From: Artur Kedzierski
Subject: Re: Warning in Flex
Date: Mon, 20 May 2002 17:03:33 -0700 (PDT)

        Two things:
        1. It is machine generated code intermingled with human written
code.
        2. Compile time options are often set globally for a group of files
and not indiviually for each source file.
        Anyway, I didn't send email to discuss the importance of this
warning or to complain about Flex. I am involved in a project that has
about 100K lines of code. Flex has been very helpful for us.
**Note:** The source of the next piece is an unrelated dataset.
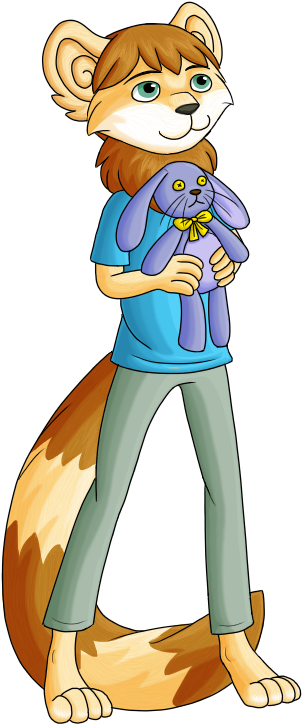 And Here Are My Paintie Sketches Of Them- They Each - Cartoon (400x750)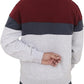 Men's Fleece Crew Neck Sweatshirt Pullovers Long Sleeve Jumper, Unisex Sweater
The
only warning that we get is the 'find_rule' one.
        By asking a question here, I was hoping to find out if I missed out an
option or if this is something that will be addressed in future version
(as the warning is generated by GNU GCC).


--
=================================================================
Artur Kedzierski,                   || address@hidden
Computer Science Graduate Division  || http://www.kedzierski.org/
University of California, Riverside ||


On Tue, 21 May 2002, Hans-Bernhard Broeker wrote:

> On Mon, 20 May 2002, Artur Kedzierski wrote:
>
> >     Is there any way to remove the warning:
> > "warning: label `find_rule' defined but not used" ?
>
> Well, there always is: go into the source, find it, and remove it (or
> rather, #ifdef it out based on some appropriate test).
>
> >     I've noticed it appears when %option yylineno is used. I've search
> > the net and found that other projects are having problems with it but
> > nobody has the solution.
>
> I don't quite agree to calling this a problem that needs to be solved.
> It's some bit of an inconvenience that your compiler won't accept the code
> generated by flex without warnings, but that's all it is.  It's just a
> *warning*.  The situation it complains about is essentially harmless.
>
> It's questionable whether it's even a good idea to compile
> machine-generated source using compiler warning options originally meant
> to check and improve human-written code.  The warnings about unused or
> unreachable code fall into this category: for human-written code, they
> provide an early warning concerning quality of coders' workmanship or
> means to simplify the code, whereas for machine-generated code, they can
> be hard enough to avoid as to cause more harm than good.